“What?”
She took a deep breath. “I was upset because you didn’t tell me about it. I’m your best friend, you’re supposed to tell me these things. But,” she hurried on before I could interrupt her, “I think you should go. And maybe I’ll find it in my heart to forgive you.” A smile tugged at the corner of her mouth, the way it always did whenever she was joking about something. Caro has a terrible poker face. Drew has already said that when we go to Vegas for our twenty-first birthdays, Caro is not invited.
“Oh, Caro,” I sighed, then wrapped my arms around her and hugged her tight. “I’m sorry I didn’t tell you. I didn’t mean to make you feel left out of anything.”
Caro hugged me back. “I know,” she said. “I’m sorry I freaked out. I was just mad.”
“I’ll tell you everything from now on, okay? Promise.”
“You better,” she said back, then squeezed me tight and let go. “Can we eat? I’m starving.”
“And here we are, the final suits in our house of cards!” Drew cried, and I glanced over Caro’s shoulder to see Oliver and him walking toward us.
“Oh yeah?” Oliver said, dropping his bag next to me and then sitting down with a sigh. “Which one am I?”
“Spade,” Drew said.
“No, he’s the heart,” I said, giving him a kiss on the cheek before any of the lunchtime attendants could spot us. “Oliver’s the heart.”
“Barf,” Drew said.
Caro didn’t say anything, only because she was too busy making gagging noises.
“You’re cheesy,” Oliver laughed at me, but he put his arm around my shoulders, anyway.
“Here, I brought lunch,” Caro said, passing all of us burritos. They were as heavy as paperweights and the packets of red sauce were sticky and I was suddenly starving. “Only the finest two-dollar burritos for my friends.”
“Did you tell them?” Oliver asked me, unwrapping his burrito.
“Caro’s caught up,” I said, then turned to Drew. “I’m grounded because I got into college, they’ll probably never let me surf again, my parents might kill me, et cetera.”
Drew tried to respond, but he had already bitten into his burrito. “The ‘et cetera’ part is worrying,” he said when he was finally able to speak again. “And no surfing? Are you serious?”
I patted his arm. “I’ll have to live vicariously through you.”
Oliver reached for Caro’s drink and took a sip. I could see why she had gotten the jumbo-sized one. “What about you, Drew? What happened after last night?”
“Oh, shit!” I said. “Drew, I’m so sorry! I didn’t even ask about you and Kevin.”

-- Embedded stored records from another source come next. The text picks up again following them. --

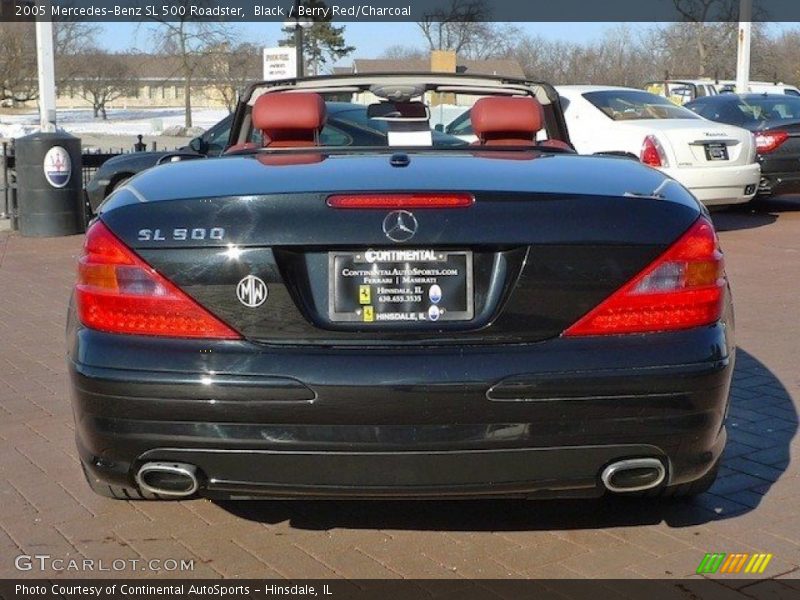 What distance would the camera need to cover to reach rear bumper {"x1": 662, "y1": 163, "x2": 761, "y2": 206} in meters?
12.2

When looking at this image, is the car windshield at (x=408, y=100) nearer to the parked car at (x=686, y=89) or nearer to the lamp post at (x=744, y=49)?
the lamp post at (x=744, y=49)

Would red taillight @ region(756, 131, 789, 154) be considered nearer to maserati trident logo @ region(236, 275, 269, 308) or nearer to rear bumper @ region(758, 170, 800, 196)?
rear bumper @ region(758, 170, 800, 196)

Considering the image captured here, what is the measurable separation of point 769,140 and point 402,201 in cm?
1164

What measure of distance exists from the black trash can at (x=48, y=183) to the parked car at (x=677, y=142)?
575cm

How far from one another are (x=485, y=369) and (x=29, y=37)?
50.9m

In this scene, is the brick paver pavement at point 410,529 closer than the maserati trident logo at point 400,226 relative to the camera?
No

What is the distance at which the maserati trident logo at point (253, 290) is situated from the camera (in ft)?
10.6

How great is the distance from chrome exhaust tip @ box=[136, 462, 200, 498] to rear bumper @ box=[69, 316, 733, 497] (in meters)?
0.03

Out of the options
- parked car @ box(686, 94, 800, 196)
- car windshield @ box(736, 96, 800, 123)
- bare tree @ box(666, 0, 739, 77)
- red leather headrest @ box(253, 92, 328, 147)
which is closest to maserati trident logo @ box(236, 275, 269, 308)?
red leather headrest @ box(253, 92, 328, 147)

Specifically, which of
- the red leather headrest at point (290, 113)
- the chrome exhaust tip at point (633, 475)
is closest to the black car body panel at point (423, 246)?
the chrome exhaust tip at point (633, 475)

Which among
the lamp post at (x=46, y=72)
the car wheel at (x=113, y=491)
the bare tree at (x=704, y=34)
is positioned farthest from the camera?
the bare tree at (x=704, y=34)

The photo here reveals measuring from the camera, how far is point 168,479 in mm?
3312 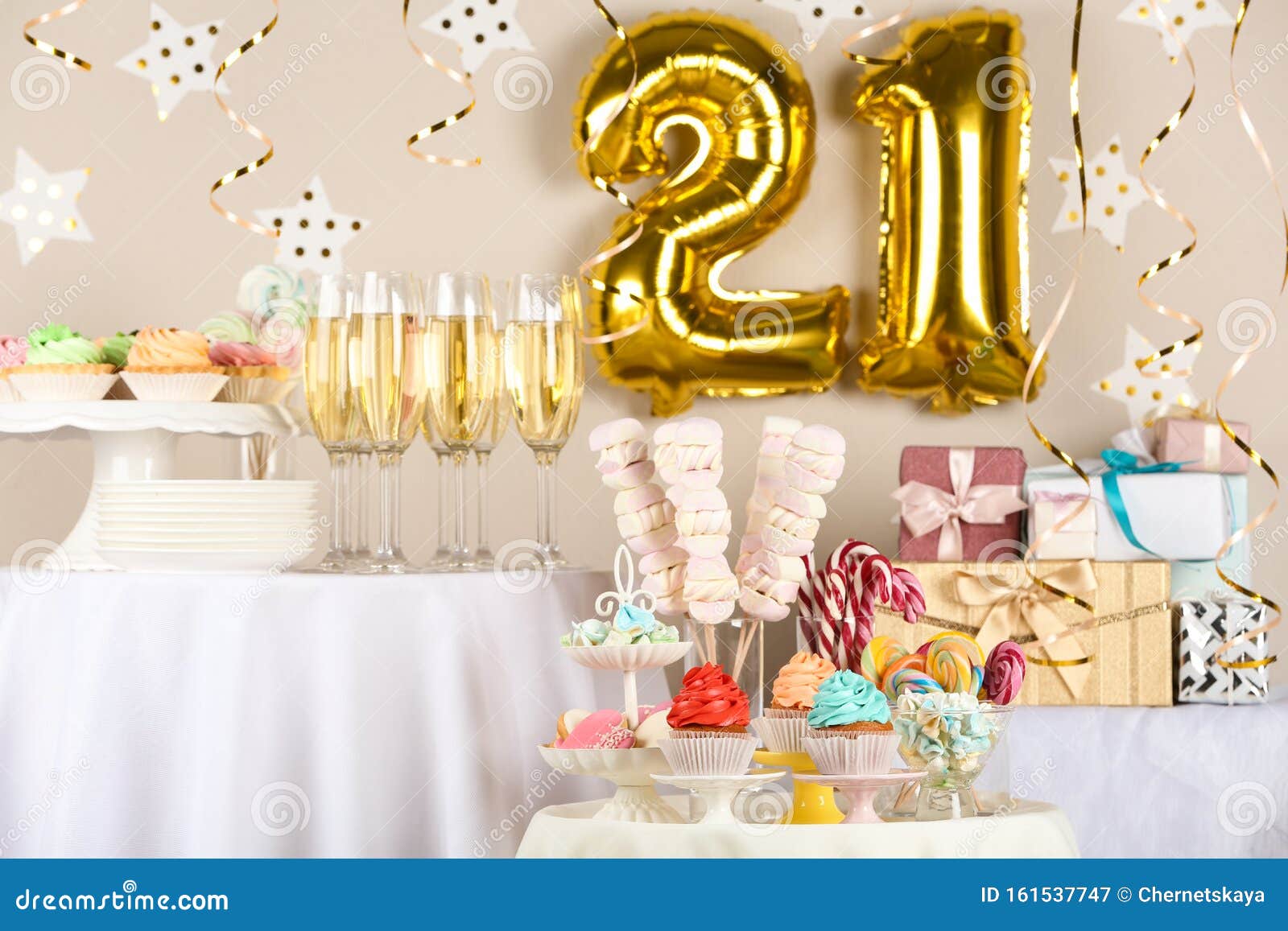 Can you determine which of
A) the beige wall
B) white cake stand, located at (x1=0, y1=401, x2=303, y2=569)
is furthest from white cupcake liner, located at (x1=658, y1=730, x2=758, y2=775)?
the beige wall

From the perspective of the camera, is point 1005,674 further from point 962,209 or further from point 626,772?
point 962,209

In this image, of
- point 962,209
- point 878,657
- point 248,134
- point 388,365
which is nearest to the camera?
point 878,657

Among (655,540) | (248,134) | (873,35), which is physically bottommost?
(655,540)

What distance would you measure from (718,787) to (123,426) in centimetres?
76

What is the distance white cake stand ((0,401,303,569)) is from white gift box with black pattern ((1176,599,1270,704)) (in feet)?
3.90

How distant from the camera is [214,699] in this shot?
1318mm

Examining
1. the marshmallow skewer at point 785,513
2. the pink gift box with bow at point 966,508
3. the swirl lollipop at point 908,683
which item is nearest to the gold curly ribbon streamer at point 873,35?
the pink gift box with bow at point 966,508

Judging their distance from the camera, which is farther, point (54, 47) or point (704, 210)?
point (704, 210)

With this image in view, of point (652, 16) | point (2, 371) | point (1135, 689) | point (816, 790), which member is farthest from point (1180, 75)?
point (2, 371)

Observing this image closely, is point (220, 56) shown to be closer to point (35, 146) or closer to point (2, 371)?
point (35, 146)

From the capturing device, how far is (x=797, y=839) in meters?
1.19

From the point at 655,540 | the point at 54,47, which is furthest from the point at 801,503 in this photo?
the point at 54,47

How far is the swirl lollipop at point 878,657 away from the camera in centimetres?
140

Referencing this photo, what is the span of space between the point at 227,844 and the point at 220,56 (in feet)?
5.81
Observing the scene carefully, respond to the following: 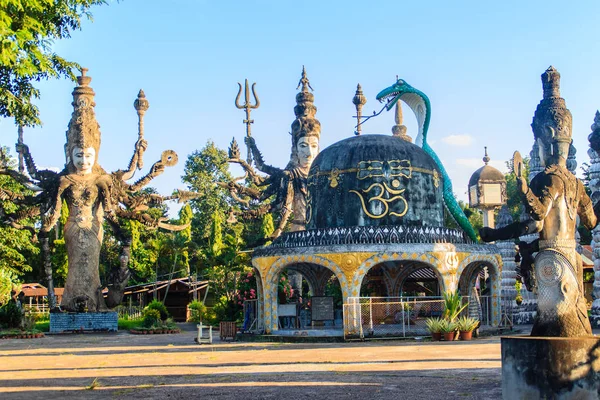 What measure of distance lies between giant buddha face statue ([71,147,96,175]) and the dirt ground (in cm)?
1378

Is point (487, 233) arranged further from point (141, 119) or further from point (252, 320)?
point (141, 119)

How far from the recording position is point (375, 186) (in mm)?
29766

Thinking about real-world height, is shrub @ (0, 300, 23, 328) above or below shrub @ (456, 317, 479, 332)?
above

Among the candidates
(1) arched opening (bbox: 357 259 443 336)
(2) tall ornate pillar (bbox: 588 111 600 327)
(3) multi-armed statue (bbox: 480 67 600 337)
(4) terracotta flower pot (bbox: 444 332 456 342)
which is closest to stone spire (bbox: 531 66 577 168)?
(3) multi-armed statue (bbox: 480 67 600 337)

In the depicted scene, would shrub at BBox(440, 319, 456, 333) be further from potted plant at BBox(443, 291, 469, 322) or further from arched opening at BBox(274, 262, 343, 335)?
arched opening at BBox(274, 262, 343, 335)

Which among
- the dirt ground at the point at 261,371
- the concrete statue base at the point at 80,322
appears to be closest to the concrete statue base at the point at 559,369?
the dirt ground at the point at 261,371

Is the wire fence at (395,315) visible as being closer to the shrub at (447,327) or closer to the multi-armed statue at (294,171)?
the shrub at (447,327)

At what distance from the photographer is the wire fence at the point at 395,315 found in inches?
1049

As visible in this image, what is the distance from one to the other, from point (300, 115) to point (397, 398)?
2941 centimetres

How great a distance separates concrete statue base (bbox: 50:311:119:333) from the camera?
37125 millimetres

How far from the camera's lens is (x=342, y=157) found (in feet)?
99.8

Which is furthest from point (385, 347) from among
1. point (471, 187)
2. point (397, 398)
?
point (471, 187)

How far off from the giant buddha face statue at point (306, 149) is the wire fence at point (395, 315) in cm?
930

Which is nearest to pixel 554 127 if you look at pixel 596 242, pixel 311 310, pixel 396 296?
pixel 311 310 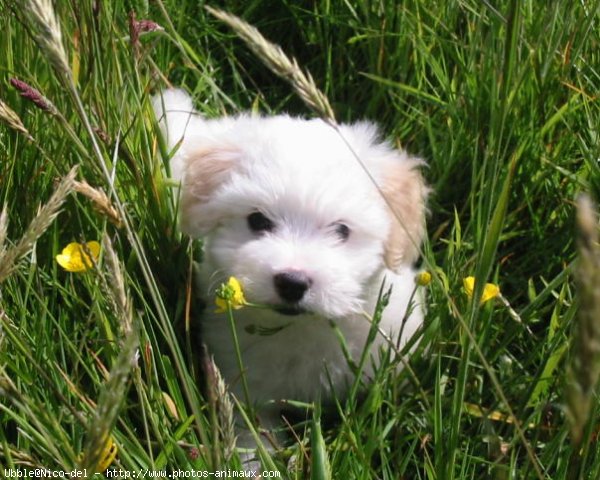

Drew shrugged. “Oh, you know. It’s okay. He understands. Kane’s really pissed at my parents, though. Like, he’s mad.” Drew widened his eyes a little and I could understand why. Kane was over six feet tall and built of solid muscle. I had never seen Kane get upset, which made the prospect all the more intimidating. “He says that I should bring Kevin, anyway, and if anyone has a problem with it, he’ll take care of it. And I don’t want my brother to hulk out at my grandma’s birthday party, soooo yeah.” Drew squirted some red sauce onto his burrito. “Parents, man.”
Oliver cleared his throat a little. “Well, my mom wants me to do an interview for Crime Watch so they can find my dad,” he said. “So I get to be on TV and help get my dad arrested.”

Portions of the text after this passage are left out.